Hangs encountered in `IDAKLUJax` unit tests (`test_jacrev_vmap` and others)

Open agriyakhetarpal opened this issue 3 months ago • 7 comments

PyBaMM Version

develop

Python Version

3.11.8

Describe the bug

The test_jacrev_vmap test case in the TestIDAKLUJax class (present in tests/unit/test_solvers/test_idaklu_jax.py) hangs quite a lot during local development. It is one of the slowest tests to pass, to the point that coverage logging almost gets stuck indefinitely on 99% and that this test, in particular, takes time in several orders of magnitude more to complete when compared to the rest of the tests.

This is most likely coming from the recent migration to using pytest for running the unit tests (#3857), which also brought support for pytest-xdist for parallel execution of unit tests, where JAX-related unit tests take up a lot of time in CI in parallel mode.

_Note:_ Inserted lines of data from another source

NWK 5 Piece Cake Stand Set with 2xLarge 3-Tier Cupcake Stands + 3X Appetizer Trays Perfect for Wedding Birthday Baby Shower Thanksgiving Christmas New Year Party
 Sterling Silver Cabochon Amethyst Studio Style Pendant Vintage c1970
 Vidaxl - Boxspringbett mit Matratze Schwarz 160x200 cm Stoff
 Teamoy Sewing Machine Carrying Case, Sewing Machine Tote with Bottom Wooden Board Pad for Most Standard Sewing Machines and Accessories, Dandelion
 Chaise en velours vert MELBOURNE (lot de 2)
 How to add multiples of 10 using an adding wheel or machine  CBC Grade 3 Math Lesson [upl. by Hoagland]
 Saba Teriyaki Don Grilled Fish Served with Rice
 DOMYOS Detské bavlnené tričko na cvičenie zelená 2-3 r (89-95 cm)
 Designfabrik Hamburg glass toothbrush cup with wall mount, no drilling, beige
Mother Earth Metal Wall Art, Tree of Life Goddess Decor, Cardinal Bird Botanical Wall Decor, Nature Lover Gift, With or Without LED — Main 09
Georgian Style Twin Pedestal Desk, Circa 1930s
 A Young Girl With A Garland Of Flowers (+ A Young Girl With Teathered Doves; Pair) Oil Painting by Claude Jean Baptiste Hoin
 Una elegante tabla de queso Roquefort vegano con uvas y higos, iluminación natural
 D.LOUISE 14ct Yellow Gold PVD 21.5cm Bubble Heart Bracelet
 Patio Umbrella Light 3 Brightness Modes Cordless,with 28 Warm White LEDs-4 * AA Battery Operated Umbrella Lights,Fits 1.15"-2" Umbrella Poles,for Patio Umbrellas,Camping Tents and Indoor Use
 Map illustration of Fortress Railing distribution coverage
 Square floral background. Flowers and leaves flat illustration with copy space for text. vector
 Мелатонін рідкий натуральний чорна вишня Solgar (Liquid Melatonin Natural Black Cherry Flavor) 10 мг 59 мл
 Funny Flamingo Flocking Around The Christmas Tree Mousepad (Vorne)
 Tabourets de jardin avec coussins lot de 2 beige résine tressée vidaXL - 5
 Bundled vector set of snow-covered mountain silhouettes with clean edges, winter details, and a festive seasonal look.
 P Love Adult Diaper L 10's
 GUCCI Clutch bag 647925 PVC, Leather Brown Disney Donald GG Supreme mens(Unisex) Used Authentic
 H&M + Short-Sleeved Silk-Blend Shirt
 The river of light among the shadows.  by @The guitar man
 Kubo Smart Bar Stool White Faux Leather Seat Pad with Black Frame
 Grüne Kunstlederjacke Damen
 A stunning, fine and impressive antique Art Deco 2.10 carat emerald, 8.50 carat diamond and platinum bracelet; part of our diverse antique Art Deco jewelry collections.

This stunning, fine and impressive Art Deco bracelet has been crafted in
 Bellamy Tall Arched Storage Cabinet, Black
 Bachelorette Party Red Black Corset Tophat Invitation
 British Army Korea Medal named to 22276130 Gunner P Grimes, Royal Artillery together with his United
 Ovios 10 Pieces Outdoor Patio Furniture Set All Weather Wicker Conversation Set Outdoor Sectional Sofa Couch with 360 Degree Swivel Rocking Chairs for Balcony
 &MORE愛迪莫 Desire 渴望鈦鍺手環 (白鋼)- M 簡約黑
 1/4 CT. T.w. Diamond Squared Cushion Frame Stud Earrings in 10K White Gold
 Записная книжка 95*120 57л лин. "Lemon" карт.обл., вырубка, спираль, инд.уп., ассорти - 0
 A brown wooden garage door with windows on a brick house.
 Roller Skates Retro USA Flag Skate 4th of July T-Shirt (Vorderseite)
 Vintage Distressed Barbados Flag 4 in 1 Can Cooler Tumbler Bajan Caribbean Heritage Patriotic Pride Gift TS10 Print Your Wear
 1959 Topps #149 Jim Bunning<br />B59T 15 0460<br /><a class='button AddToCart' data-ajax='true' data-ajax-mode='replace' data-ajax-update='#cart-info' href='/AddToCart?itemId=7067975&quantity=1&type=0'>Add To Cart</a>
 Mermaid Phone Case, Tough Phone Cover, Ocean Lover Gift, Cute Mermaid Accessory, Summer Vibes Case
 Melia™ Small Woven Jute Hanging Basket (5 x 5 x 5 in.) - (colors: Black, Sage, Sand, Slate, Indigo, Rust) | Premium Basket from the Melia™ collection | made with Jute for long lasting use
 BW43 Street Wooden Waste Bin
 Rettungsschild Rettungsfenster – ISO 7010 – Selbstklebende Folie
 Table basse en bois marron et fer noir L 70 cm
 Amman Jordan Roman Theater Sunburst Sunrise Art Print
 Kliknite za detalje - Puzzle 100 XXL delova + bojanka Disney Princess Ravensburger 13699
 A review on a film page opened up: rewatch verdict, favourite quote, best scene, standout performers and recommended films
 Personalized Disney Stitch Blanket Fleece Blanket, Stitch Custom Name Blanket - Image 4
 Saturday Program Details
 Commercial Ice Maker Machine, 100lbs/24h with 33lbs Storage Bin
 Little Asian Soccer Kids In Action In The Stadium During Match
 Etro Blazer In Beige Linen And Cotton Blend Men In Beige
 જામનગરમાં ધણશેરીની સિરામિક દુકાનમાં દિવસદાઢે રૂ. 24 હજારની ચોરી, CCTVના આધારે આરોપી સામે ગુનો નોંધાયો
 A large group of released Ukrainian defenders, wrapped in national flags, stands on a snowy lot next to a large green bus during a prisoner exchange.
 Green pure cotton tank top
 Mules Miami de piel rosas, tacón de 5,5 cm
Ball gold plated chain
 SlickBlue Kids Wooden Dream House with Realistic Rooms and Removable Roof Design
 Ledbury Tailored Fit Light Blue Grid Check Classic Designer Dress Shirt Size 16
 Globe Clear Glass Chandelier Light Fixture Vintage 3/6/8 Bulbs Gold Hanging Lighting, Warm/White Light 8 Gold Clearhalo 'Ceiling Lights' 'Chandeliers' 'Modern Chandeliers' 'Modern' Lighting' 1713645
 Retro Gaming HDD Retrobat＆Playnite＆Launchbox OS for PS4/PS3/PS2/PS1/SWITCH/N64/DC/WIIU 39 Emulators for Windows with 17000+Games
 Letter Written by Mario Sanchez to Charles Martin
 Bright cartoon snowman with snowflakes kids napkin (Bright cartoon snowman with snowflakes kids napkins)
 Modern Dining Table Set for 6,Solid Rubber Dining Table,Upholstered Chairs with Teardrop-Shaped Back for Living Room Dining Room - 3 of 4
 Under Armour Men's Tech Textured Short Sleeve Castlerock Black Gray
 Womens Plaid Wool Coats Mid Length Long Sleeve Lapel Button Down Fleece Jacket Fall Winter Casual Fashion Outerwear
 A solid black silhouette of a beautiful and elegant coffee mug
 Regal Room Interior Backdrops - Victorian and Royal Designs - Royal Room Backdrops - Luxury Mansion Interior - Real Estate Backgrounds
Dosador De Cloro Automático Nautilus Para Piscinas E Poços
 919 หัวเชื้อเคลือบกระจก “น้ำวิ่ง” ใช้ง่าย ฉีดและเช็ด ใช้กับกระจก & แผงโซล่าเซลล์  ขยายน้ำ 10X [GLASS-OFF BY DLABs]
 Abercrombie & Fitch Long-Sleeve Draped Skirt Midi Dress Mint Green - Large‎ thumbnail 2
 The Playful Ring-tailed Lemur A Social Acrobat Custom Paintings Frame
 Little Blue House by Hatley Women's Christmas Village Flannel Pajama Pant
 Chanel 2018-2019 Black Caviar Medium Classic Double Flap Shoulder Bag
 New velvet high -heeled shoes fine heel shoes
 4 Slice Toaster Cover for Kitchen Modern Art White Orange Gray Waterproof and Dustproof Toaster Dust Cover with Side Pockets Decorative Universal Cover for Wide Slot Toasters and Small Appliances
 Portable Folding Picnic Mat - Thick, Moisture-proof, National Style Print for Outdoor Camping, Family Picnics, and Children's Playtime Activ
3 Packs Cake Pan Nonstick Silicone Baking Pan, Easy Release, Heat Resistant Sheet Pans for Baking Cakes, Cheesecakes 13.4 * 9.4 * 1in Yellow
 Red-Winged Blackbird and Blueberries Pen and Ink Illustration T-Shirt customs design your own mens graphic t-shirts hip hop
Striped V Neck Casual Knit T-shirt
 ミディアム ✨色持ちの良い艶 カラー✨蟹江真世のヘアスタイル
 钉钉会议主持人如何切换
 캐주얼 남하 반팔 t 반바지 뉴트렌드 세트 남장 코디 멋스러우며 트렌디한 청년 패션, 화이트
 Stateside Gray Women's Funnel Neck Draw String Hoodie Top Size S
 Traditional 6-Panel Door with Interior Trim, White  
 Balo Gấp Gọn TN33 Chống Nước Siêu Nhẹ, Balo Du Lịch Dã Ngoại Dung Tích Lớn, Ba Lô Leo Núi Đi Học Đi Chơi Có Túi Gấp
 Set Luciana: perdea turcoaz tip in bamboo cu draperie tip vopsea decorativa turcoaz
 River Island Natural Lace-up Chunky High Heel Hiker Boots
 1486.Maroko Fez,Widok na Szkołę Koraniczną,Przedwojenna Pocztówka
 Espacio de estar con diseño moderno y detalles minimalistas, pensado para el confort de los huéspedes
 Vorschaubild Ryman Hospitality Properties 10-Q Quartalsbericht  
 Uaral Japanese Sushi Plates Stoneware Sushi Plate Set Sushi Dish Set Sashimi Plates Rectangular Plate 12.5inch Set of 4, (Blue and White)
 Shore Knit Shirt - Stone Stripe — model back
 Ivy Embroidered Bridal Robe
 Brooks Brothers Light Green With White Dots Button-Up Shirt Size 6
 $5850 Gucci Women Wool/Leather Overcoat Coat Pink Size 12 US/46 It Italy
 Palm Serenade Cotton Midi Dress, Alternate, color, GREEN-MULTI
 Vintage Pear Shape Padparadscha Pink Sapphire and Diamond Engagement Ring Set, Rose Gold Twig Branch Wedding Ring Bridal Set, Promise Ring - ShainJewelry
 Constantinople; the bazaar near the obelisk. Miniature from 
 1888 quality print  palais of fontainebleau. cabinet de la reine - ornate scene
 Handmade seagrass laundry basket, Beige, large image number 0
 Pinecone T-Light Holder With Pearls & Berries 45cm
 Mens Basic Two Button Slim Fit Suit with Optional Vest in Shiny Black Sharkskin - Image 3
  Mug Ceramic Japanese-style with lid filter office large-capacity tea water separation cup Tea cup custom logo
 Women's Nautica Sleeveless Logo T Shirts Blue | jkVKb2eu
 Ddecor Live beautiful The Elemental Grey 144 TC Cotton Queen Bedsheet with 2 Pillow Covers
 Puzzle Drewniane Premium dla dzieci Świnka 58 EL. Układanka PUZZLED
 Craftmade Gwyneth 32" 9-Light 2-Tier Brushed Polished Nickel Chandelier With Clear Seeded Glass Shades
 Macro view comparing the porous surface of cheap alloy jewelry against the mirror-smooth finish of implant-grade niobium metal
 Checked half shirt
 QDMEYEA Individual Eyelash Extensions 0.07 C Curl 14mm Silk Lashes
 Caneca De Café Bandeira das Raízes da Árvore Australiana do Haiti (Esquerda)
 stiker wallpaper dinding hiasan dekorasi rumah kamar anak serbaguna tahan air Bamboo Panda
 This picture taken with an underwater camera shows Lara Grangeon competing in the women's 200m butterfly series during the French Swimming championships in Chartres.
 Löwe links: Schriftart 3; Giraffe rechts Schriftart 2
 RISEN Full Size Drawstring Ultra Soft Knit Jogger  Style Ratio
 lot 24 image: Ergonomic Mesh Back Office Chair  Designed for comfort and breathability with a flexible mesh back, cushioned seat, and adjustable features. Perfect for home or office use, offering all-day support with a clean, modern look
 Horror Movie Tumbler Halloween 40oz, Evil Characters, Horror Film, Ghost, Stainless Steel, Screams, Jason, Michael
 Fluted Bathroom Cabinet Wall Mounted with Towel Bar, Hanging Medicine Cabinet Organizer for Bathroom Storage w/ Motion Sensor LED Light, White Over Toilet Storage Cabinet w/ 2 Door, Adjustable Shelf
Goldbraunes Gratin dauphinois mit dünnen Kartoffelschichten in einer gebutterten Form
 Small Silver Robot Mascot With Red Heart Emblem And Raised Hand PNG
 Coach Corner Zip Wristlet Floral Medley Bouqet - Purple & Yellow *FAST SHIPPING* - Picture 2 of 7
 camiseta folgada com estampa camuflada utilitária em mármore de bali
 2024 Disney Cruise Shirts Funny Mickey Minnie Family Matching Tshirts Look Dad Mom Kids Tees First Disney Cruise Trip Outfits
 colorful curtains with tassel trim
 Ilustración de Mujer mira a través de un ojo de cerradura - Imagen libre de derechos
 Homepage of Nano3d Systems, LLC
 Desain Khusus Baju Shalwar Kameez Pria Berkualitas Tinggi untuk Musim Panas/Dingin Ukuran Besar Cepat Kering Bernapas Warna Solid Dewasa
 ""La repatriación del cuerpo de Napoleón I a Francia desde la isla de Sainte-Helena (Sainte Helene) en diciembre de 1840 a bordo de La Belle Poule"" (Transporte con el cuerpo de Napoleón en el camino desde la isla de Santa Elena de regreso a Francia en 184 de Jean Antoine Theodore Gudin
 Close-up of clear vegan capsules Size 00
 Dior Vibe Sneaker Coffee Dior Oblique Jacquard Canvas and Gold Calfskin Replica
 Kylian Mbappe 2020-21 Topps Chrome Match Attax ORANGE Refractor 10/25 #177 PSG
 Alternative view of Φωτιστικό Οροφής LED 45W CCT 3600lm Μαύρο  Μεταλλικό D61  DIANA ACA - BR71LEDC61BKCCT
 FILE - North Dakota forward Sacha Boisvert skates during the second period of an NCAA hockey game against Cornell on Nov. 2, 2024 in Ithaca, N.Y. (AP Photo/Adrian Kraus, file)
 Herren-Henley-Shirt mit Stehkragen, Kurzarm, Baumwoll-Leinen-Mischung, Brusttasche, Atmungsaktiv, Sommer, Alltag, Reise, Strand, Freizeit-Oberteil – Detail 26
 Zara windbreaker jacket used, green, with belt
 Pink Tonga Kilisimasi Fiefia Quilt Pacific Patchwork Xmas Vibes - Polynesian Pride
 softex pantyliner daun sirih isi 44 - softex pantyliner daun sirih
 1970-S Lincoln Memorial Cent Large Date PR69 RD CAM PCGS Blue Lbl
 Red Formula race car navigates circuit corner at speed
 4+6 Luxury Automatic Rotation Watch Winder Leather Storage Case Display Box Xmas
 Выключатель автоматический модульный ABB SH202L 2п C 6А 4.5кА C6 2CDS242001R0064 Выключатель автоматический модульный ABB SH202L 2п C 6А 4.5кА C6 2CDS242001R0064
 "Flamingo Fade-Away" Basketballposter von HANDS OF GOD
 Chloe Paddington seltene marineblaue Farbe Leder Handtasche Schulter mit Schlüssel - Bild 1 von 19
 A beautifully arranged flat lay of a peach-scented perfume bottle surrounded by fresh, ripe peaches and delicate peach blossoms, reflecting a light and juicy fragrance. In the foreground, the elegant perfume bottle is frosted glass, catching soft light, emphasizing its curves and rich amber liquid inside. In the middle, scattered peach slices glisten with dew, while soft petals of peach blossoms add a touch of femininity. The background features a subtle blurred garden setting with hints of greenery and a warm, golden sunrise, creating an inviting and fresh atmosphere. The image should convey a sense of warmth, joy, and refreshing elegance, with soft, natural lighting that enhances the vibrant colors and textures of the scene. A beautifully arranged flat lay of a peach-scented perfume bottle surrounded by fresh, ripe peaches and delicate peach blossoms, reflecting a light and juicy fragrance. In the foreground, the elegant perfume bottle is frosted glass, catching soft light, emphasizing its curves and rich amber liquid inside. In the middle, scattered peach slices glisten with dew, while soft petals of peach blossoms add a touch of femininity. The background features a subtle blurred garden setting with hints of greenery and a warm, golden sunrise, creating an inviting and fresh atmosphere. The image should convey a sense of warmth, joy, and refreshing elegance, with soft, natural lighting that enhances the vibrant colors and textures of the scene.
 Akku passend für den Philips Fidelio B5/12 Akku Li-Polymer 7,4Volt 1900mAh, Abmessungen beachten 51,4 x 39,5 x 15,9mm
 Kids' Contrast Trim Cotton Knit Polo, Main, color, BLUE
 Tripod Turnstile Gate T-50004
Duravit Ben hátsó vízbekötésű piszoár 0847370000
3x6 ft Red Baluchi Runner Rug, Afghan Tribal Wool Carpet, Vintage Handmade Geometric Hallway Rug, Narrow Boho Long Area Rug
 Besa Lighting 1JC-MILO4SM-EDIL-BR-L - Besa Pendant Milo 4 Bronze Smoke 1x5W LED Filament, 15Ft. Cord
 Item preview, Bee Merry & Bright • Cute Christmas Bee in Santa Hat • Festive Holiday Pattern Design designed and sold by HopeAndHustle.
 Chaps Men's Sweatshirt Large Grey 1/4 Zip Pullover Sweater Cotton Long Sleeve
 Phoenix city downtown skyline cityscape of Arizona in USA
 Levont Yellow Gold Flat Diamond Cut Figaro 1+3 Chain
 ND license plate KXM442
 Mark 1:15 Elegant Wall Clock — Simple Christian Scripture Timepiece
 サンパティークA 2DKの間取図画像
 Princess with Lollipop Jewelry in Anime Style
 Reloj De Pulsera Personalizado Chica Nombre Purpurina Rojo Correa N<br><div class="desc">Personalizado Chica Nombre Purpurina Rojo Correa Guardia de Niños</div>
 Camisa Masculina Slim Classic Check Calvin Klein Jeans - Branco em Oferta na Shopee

Here's an SVG from a profiling sample with the pytest-profiling plugin from @prady0t earlier in the #infrastructure channel on Slack:

Expand to view

combined

which reveals that something is up with the JAX-related tests.

Steps to Reproduce

There isn't a better reproducer at this time, but to reproduce one can run nox -s coverage or its pytest --cov equivalent in the root directory – it is a bit slower than nox -s unit, but both of them seem to have the same issue.

Relevant log output

No response

agriyakhetarpal avatar Mar 31 '24 18:03 agriyakhetarpal

Temporary solution: wrap all classes and the methods with @pytest.mark.xdist_group(name="serial execution") to run them inside the same worker in serial mode.

This resolves the test_jacrev_vmap execution and it runs as normal – but test_jacrev_vector_getvars, and test_solver_ + test_solver_sensitivities from the JAX BDF solver are three other culprits which still aren't happy – they still take a lot longer than any other test. I assume we can extract more speedups with the newly enabled parallel testing, however, these test cases do not seem to budge and are causing bottlenecks. Maybe @jsbrittain would have some suggestions here?

agriyakhetarpal avatar Mar 31 '24 19:03 agriyakhetarpal

To bring some rudimentary sense of the issue at hand, here's what I can see locally on an M-series macOS machine:

Running the entire coverage suite with the JAX tests included:

1596 passed, 2 skipped in 663.93s (0:11:03)

And running it again, except test_idaklu_jax.py and test_jax_bdf_solver.py brings 98% of the test suite to completion at just 87 seconds!

agriyakhetarpal avatar Mar 31 '24 19:03 agriyakhetarpal

I saw this on python 3.9 as well

kratman avatar Apr 03 '24 18:04 kratman

@agriyakhetarpal To me it looks like the functions in there are parallel. So parallel tests with parallel code means a ton of extra threads. On my Mac those tests seem to use 4 threads each

kratman avatar Apr 03 '24 18:04 kratman

I want to help with this issue. Please let me know if you need another hand.

cringeyburger avatar Apr 06 '24 22:04 cringeyburger

Thanks, @prady0t, well, it's really just the attempt in https://github.com/pybamm-team/PyBaMM/issues/3948#issuecomment-2028878236 that's helped with one out of the four tests, so we need to dig deeper since the tests are running in parallel which slows it down but also that they are really slow in serial execution too. I think this can be tackled at a later time since the tests pass, at least. I think you're doing #3940 with @lorenzofavaro and that is a higher-priority issue we need to tackle at this moment :)

agriyakhetarpal avatar Apr 06 '24 22:04 agriyakhetarpal

Oops, I just realised that I mentioned and I tagged the wrong person, I am sorry. By all means, please feel free to help out here, @cringeyburger!

agriyakhetarpal avatar Apr 07 '24 21:04 agriyakhetarpal